[Brief descriptive captions]
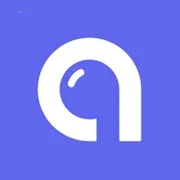 ����2026���°汾v1.0.30 �ֻ���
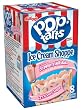 Pop-Tarts, Frosted Strawberry Milkshake, 8-Count Tarts (Pack of 12)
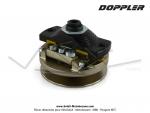 Variateur Doppler ER3 pour Mobylette Motobcane / MBK 51 (AV10) (sans embrayage - Prise directe)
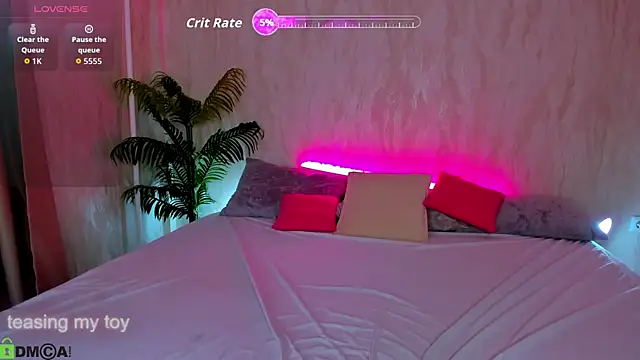 Cheryl  Brown online show from 10, 10, 2025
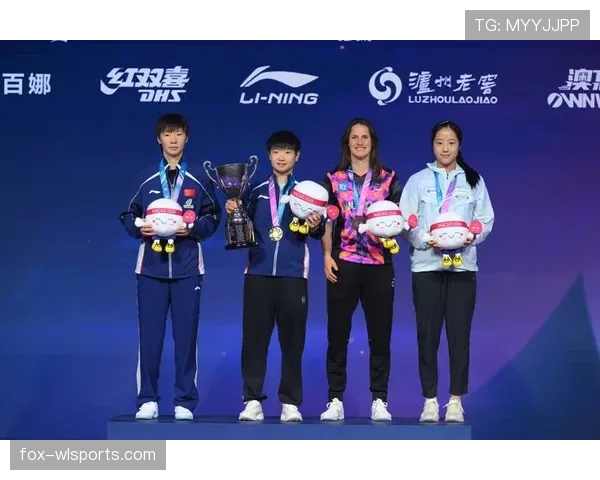 2026世界杯最佳第三名排名怎么算
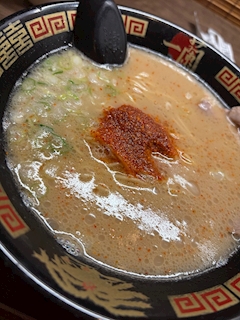 もえ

◆ EXERCISE REQUIREMENTS: The records above are to be restated exactly, without their pictures.

◆ WRITTEN RESPONSE:
 ����2026���°汾v1.0.30 �ֻ���
 Pop-Tarts, Frosted Strawberry Milkshake, 8-Count Tarts (Pack of 12)
 Variateur Doppler ER3 pour Mobylette Motobcane / MBK 51 (AV10) (sans embrayage - Prise directe)
 Cheryl  Brown online show from 10, 10, 2025
 2026世界杯最佳第三名排名怎么算
 もえ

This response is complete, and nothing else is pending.